In transit: TLS encryption is consistently employed during data transfer to ensure the data's confidentiality and integrity are never compromised during transmission.

3. Access control and management

Engineer access: Access by engineers to the server is controlled and monitored. A jump-host mechanism is used for secure access, whereby all actions performed are logged and auditable. This practice ensures accountability and traceability of actions performed on the server.

4. Proactive security practices

Software vulnerability monitoring: SerenityGPT employs Dependabot for real-time monitoring of software dependencies. This tool automatically identifies and helps address vulnerabilities, ensuring that the system is always patched and protected against known software risks.

5. Incident response procedure

In the unlikely event of a data breach or security incident:

5.1 Immediate identification and containment

Once an incident is identified, immediate action is taken to contain and mitigate the incident to prevent further damage.

  • 5.1.1 Short-term containment: Immediately isolate affected systems to prevent further damage (e.g., disconnect network access).
  • 5.1.2 Long-term containment: Implement temporary fixes to allow systems to operate while the root cause is being investigated and eradicated.
  • 5.1.3 Documentation: Document all containment actions taken.

5.2 Investigation and assessment

A thorough investigation is launched to understand the incident's scope and impact, gathering all necessary information for a comprehensive assessment.

5.3 Notification

Affected clients are notified promptly, provided with details of the incident, and advised on steps to take to protect their interests.

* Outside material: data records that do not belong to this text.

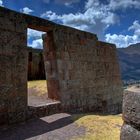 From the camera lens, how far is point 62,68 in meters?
8.71

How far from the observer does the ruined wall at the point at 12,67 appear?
21.3 ft

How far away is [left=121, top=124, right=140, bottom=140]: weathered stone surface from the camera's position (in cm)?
305

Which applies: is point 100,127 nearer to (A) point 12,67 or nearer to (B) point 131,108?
(A) point 12,67

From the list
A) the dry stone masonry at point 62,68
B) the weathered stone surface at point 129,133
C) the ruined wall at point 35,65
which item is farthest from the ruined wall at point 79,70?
the ruined wall at point 35,65

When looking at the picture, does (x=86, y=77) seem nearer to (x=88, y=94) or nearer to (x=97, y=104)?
(x=88, y=94)

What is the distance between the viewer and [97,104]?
10562 mm

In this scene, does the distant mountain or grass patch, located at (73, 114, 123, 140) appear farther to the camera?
the distant mountain

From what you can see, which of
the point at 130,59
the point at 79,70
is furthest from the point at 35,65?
the point at 130,59

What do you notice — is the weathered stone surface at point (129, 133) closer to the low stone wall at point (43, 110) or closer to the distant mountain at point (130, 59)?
the low stone wall at point (43, 110)

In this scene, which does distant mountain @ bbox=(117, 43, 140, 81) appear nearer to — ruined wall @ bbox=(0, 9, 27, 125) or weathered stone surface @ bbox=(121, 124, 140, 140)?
ruined wall @ bbox=(0, 9, 27, 125)

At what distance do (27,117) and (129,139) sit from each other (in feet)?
14.7

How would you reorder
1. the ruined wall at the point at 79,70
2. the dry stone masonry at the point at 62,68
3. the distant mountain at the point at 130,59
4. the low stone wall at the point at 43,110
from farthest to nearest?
the distant mountain at the point at 130,59 → the ruined wall at the point at 79,70 → the low stone wall at the point at 43,110 → the dry stone masonry at the point at 62,68

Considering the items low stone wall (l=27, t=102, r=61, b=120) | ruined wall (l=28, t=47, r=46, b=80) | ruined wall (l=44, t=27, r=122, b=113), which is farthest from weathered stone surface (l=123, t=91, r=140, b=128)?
ruined wall (l=28, t=47, r=46, b=80)

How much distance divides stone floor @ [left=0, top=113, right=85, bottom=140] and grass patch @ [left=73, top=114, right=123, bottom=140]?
0.23m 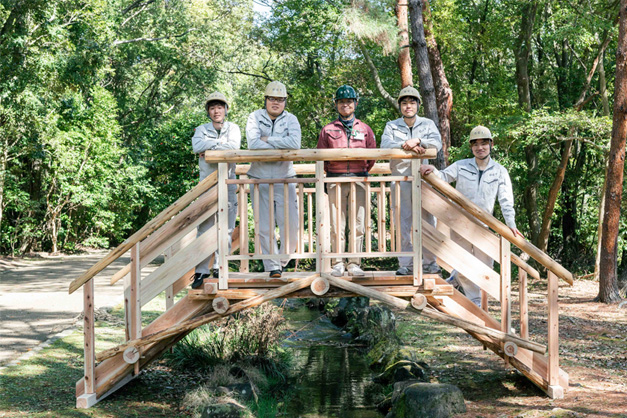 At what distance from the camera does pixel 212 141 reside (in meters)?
6.43

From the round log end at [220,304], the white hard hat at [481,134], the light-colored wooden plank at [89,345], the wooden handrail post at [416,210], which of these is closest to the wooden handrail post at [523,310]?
A: the wooden handrail post at [416,210]

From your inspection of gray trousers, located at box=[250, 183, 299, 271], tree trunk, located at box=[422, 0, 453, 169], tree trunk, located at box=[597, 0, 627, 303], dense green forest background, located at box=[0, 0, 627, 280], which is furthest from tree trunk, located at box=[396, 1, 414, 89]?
gray trousers, located at box=[250, 183, 299, 271]

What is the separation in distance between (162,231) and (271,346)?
121 inches

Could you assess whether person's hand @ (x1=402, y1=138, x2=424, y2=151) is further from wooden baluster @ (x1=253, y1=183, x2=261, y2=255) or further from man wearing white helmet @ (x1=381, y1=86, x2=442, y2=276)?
wooden baluster @ (x1=253, y1=183, x2=261, y2=255)

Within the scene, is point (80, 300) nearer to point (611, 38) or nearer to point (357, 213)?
point (357, 213)

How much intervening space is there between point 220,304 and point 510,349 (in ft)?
9.67

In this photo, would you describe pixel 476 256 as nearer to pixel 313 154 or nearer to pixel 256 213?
pixel 313 154

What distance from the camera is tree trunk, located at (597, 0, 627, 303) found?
1178cm

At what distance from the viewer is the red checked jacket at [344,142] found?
637 cm

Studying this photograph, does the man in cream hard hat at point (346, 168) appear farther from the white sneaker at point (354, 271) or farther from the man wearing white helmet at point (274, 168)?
the man wearing white helmet at point (274, 168)

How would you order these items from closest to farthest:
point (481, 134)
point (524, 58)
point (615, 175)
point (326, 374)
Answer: point (481, 134)
point (326, 374)
point (615, 175)
point (524, 58)

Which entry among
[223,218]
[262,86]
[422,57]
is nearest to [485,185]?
[223,218]

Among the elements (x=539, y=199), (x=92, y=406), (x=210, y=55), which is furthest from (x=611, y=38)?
(x=210, y=55)

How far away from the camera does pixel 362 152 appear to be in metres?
5.93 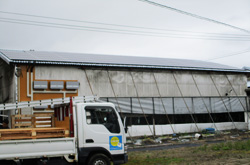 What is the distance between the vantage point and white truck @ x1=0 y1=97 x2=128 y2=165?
29.5ft

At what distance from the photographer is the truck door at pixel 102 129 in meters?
9.96

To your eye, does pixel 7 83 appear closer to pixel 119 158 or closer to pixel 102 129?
pixel 102 129

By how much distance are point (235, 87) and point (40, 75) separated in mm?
17098

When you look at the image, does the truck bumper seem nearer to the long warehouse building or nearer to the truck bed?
the truck bed

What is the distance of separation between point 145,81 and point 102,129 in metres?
14.2

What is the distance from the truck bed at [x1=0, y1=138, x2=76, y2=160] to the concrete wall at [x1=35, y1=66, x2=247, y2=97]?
38.9ft

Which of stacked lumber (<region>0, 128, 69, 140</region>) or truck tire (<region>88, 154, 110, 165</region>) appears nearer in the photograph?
stacked lumber (<region>0, 128, 69, 140</region>)

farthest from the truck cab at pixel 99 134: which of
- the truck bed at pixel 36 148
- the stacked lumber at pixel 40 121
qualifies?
the stacked lumber at pixel 40 121

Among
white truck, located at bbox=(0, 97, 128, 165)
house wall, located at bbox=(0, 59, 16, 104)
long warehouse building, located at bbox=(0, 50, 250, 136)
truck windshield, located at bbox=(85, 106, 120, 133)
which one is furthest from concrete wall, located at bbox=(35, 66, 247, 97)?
truck windshield, located at bbox=(85, 106, 120, 133)

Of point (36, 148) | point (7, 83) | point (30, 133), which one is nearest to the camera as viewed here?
point (36, 148)

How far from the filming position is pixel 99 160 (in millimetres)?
10016

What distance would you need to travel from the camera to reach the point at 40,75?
20.6 m

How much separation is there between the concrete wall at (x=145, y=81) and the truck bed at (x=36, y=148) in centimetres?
1186

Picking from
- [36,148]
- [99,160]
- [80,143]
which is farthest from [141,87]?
[36,148]
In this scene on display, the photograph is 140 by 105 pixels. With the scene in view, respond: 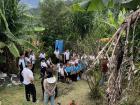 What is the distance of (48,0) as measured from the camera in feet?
64.3

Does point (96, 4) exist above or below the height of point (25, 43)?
above

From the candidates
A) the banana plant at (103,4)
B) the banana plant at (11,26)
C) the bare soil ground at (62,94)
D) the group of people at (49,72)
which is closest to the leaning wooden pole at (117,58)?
the banana plant at (103,4)

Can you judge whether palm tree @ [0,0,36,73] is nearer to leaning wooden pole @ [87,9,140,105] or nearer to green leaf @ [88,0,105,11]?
green leaf @ [88,0,105,11]

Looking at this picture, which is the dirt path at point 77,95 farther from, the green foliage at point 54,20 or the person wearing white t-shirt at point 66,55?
the green foliage at point 54,20

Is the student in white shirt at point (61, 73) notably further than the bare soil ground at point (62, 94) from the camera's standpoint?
Yes

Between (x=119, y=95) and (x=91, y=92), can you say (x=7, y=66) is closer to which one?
(x=91, y=92)

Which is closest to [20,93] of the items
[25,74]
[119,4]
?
[25,74]

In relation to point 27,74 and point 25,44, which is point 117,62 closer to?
point 27,74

If necessary, SerenityGPT will also notify the applicable regulatory bodies, such as the Information Commissioner's Office via the Data Protection Officer.

5.4 Remediation and recovery

Measures are implemented to address the vulnerability exploited during the incident, with recovery actions initiated to restore normal service operations.

5.5 Post-incident review

After resolution, a post-incident review is conducted to understand the incident's root cause and learn from the event, with findings used to strengthen future security protocols.

VII. Data retention and deletion

1. Data retention policy

SerenityGPT operates on a dynamic data retention policy, mirroring the data life-cycle practices of clients. Data residing within the system reflects the client's active data repositories. Once data is removed or deleted from the client's systems, corresponding data within SerenityGPT’s service is also scheduled for deletion, maintaining a synchronized data environment.

2. Active deletion mechanism

To facilitate responsive data deletion, SerenityGPT provides clients access to a dedicated API. This API is designed for the active deletion of specific data records, such as support tickets and documents identified by their unique document IDs. Clients can utilize this mechanism to initiate immediate deletion requests for data that has been removed from their primary systems, ensuring timely and accurate data removal within the SerenityGPT environment.

3. Data deletion procedure

Data deletion requests made through the dedicated API or as a result of data removal within client systems are processed immediately by SerenityGPT. The deletion procedure irreversibly removes the specified data records from databases, rendering the data unrecoverable and permanently eliminating access.

4. Conditions for extended retention

SerenityGPT does not impose or practice extended data retention beyond the client's data management policies. The system does not independently retain data for any additional period unless explicitly required and instructed by the client. There are no known conditions under which data retention might be involuntarily extended, as practices are designed to respect and mirror client data management preferences and instructions without deviation.